REQUIRED ACTION: Only one stretch of the data below is wanted: the lines from the one with "Nobel Design Hotel Beograd Bagian luar foto" through the one with "Universida­d de Navarra.", repeated exactly.

[Opening SOURCE INFORMATION section]

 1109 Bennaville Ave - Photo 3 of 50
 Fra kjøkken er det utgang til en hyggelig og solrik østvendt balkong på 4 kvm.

[Closing SOURCE INFORMATION section]
[Opening SOURCE INFORMATION section]

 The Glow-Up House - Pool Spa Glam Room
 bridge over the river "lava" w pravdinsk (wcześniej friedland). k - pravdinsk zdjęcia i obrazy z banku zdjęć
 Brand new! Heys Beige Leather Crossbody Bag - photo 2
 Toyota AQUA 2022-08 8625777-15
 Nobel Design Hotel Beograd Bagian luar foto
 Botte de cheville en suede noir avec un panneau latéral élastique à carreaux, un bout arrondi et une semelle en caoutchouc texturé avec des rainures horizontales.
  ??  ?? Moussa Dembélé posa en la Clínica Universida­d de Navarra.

[Closing SOURCE INFORMATION section]
[Opening SOURCE INFORMATION section]

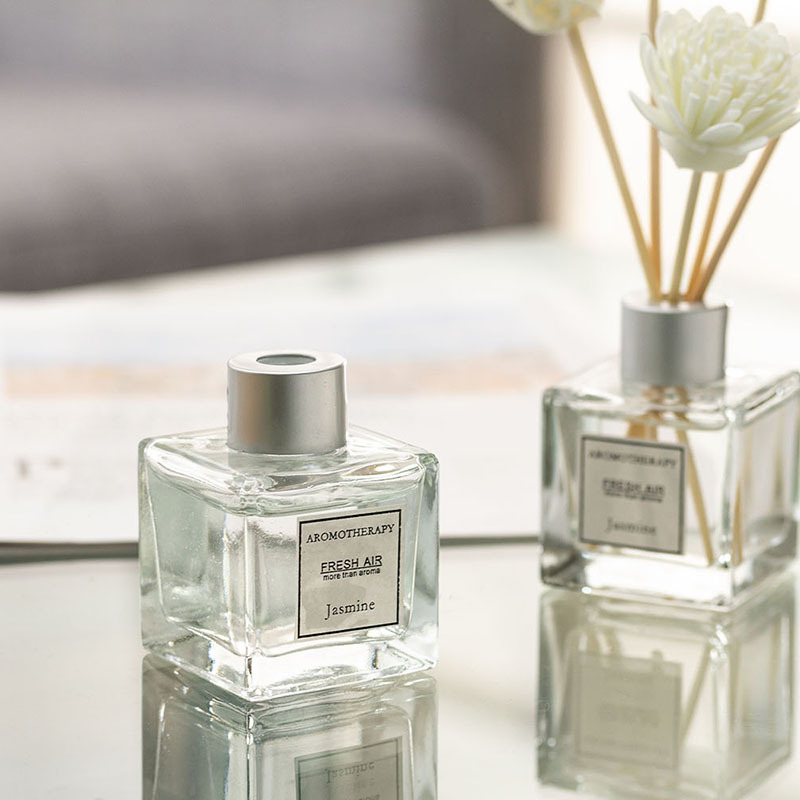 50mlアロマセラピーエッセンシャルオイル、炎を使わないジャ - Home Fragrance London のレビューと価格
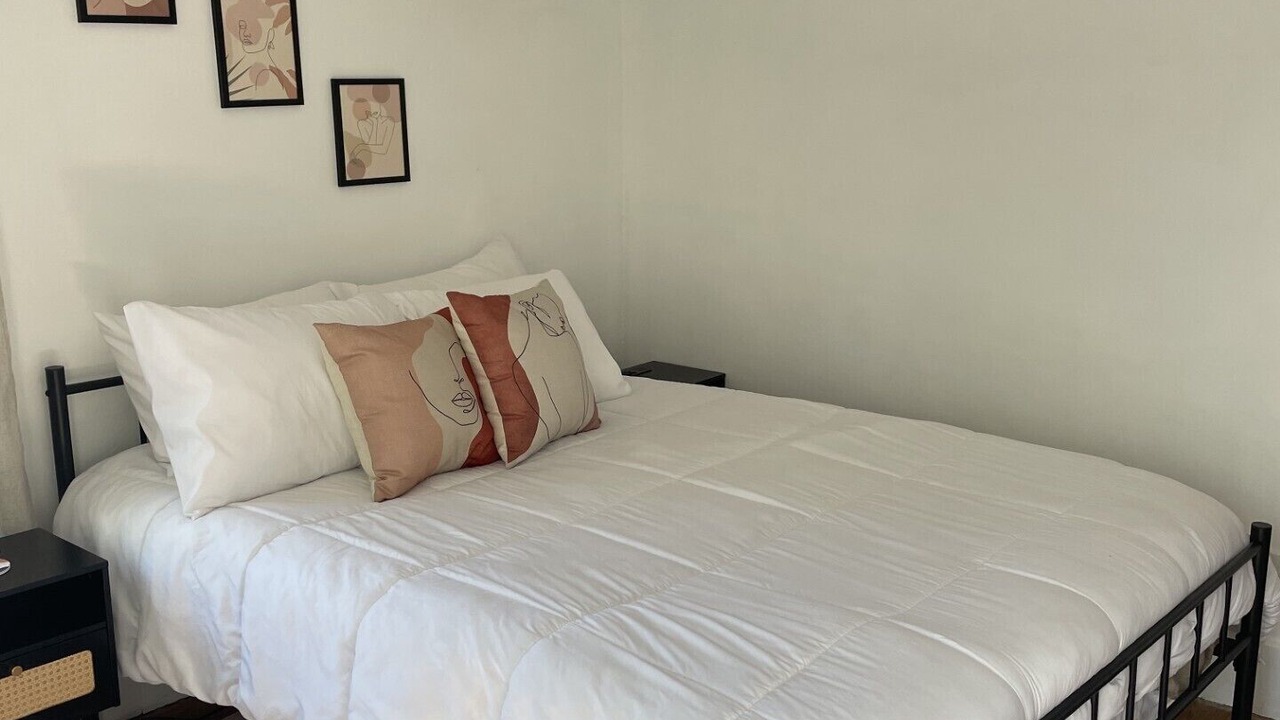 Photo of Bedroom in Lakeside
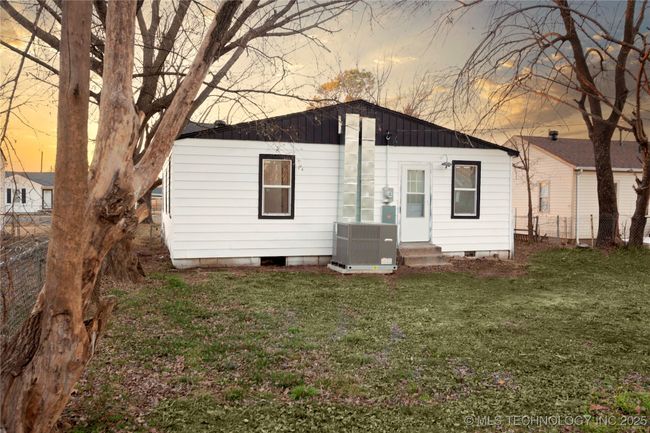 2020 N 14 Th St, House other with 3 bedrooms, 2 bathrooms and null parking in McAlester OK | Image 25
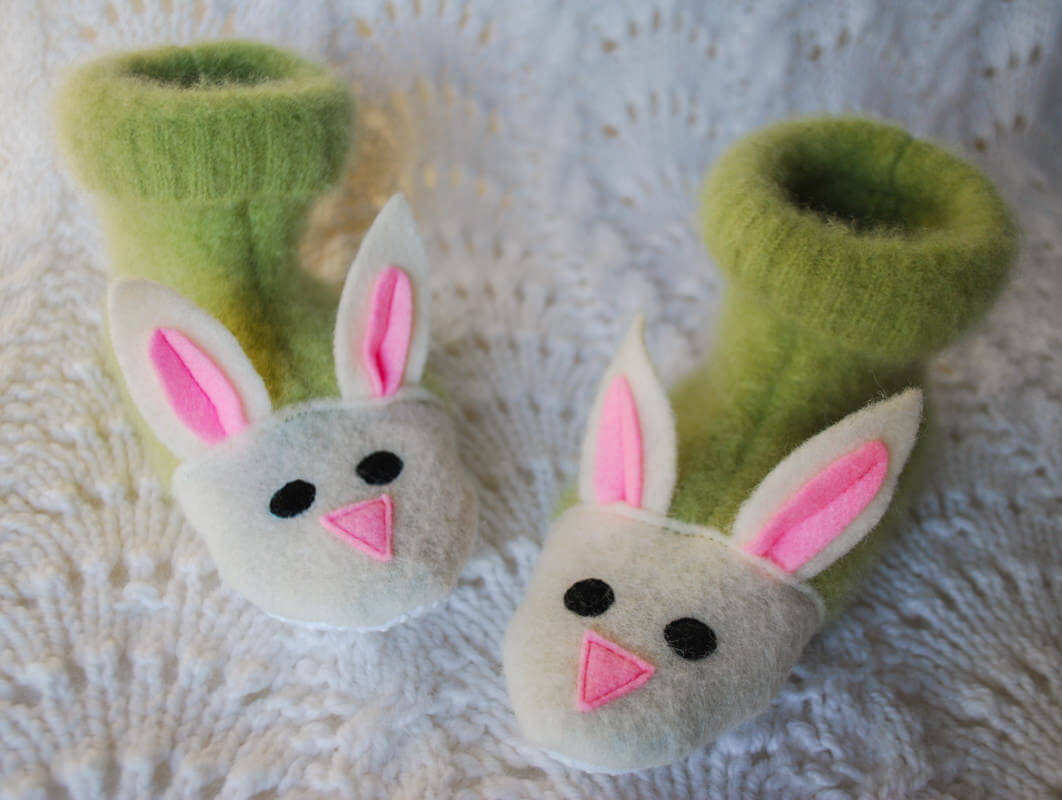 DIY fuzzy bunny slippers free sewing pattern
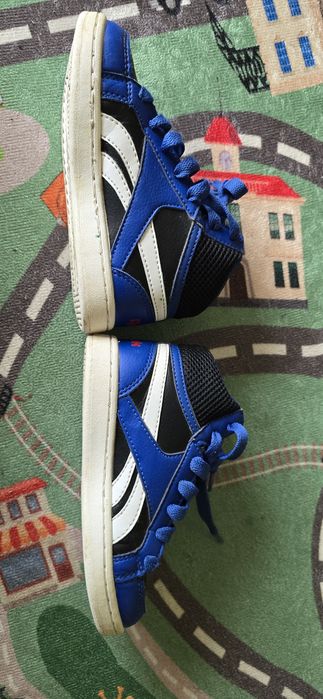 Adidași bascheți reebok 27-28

[Closing SOURCE INFORMATION section]

ANSWER SECTION:
 Nobel Design Hotel Beograd Bagian luar foto
 Botte de cheville en suede noir avec un panneau latéral élastique à carreaux, un bout arrondi et une semelle en caoutchouc texturé avec des rainures horizontales.
  ??  ?? Moussa Dembélé posa en la Clínica Universida­d de Navarra.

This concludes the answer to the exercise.